Last month Pret said it planned to double in size over the next five years, despite reporting a 256.5 million pound ($354.2 million) loss for 2020.

Other changes to its operating model include the launch of a subscription service for drinks.

Pret is also selling coffee lines through Amazon, Waitrose, Sainsbury's, Tesco and Ocado , has delivery partnerships with Deliveroo, Just Eat and Uber Eats and is trialing shops within Tesco stores.

Chipotle Sales Surge As Customers Devour Pricier Meals

Chipotle Mexican Grill Inc beat estimates for quarterly same-store sales on Thursday October 21, as customers returned to eating inside restaurants and paid more than ever for a new meat - smoked brisket - and other menu items.

The burrito and bowl chain has raised regular menu prices twice and its delivery prices three times since August 2020. Prices are now approximately 10% higher - which includes a total 17% hike in items for delivery - to offset rising beef, freight and labor costs.

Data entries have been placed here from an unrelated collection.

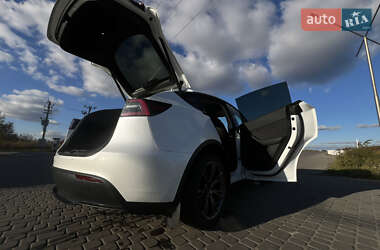 Позашляховик / Кросовер Tesla Model Y 2024 в 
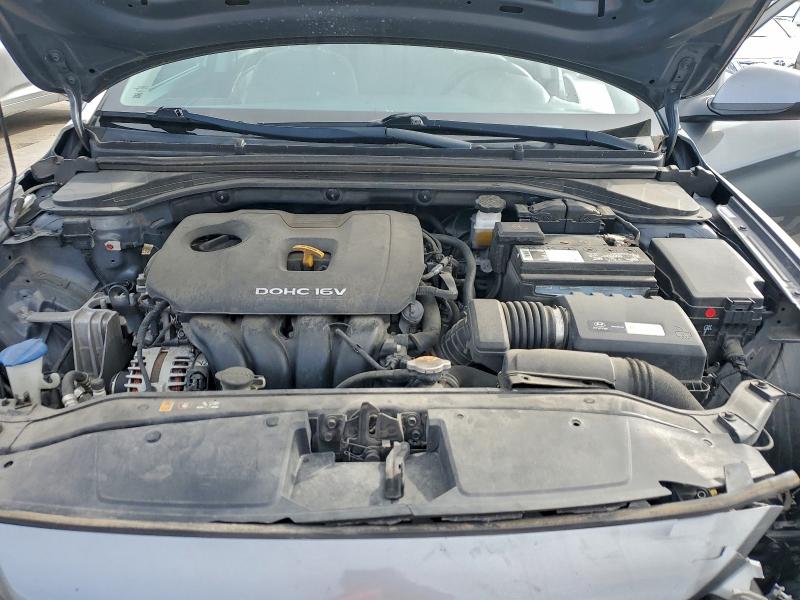 Фото 11 - HYUNDAI ELANTRA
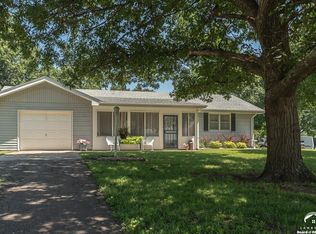 400 Kansa Dr, Ozawkie, KS 66070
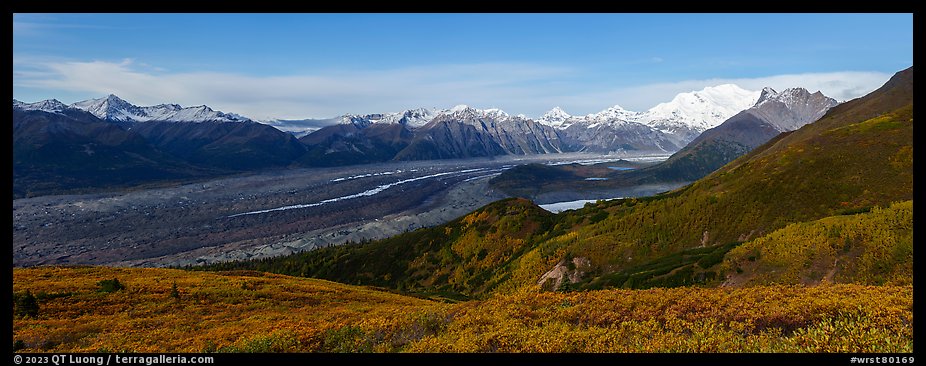 Kennicott Glacier, Wrangell Range, Mount Blackburn, Donoho Peak. Wrangell-St Elias National Park, Alaska, USA.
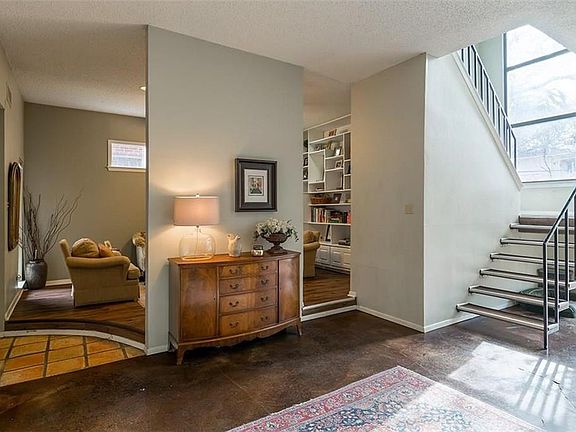 5th image of 3657 Asbury St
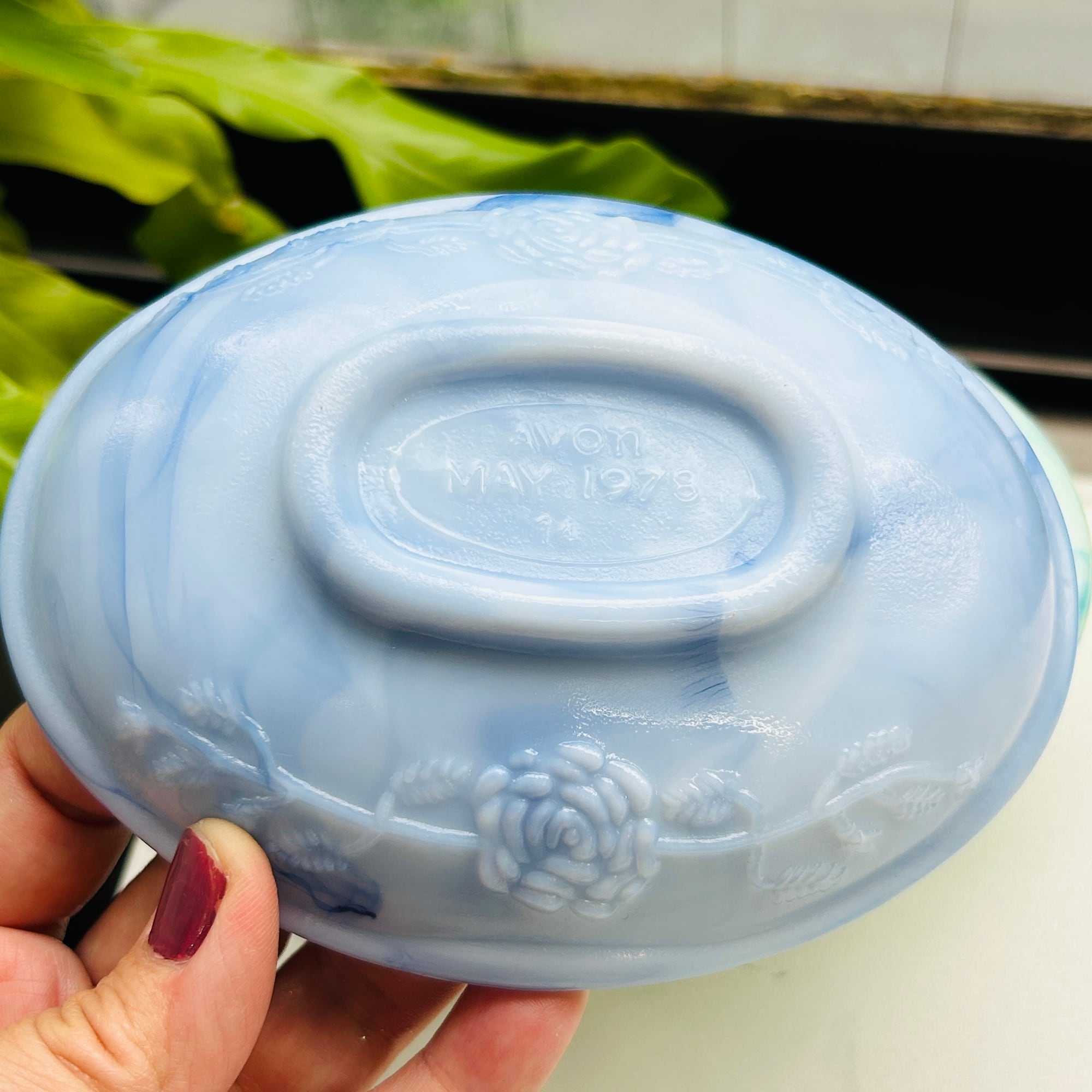 70s AVON ミルクガラスソープディッシュ（2種） | Milo Antiques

CEO Brian Niccol told Reuters that customers can still get a lot of value out of a Chipotle meal, noting that its chicken burrito is still priced under $8 in many places.

"Because we've got such a strong value proposition, we like to take things in phases to make sure that the pricing we're taking is balanced with the growth that we're experiencing and that the cost is really not a transitory cost but a new, permanent cost," he said.

Overall, fast-food chains have raised menu prices by 6.7% over the last 12 months, and other restaurants by 5.2%, the U.S. Bureau of Labor Statistics reported on Oct. 13.

Some of Chipotle's price hikes will roll off this quarter and customers have not resisted paying more for their quesadillas, Niccol said.

More customers are also coming to Chipotle restaurants as seating areas reopen, and the chain is still on track to build 200 new locations this year, he said.

Chipotle's limited-time smoked brisket, which launched in September, costs $10.25 on average as an entree in restaurants, its most expensive new meat ever.

The fast-casual chain posted a 15.1% surge in comparable sales for the quarter ended Sept. 30, compared with analysts' average estimate of 13.4% growth, according to Refinitiv data.

The company also forecast sales growth in the low to mid double-digits range in the current quarter, compared with estimates of 14% growth.

Americans who were cooking more in their kitchens during the pandemic-induced, work-from-home situation are now grabbing burritos and bowls on the way to work and social gatherings, and are trying new dishes.

Sales from digital orders - as opposed to those placed in person - grew 8.6% and accounted for 42.8% of sales.

Chipotle also said that its board increased its share repurchase authorization by $100 million, with $209.8 million available to buy back shares as of Sept. 30.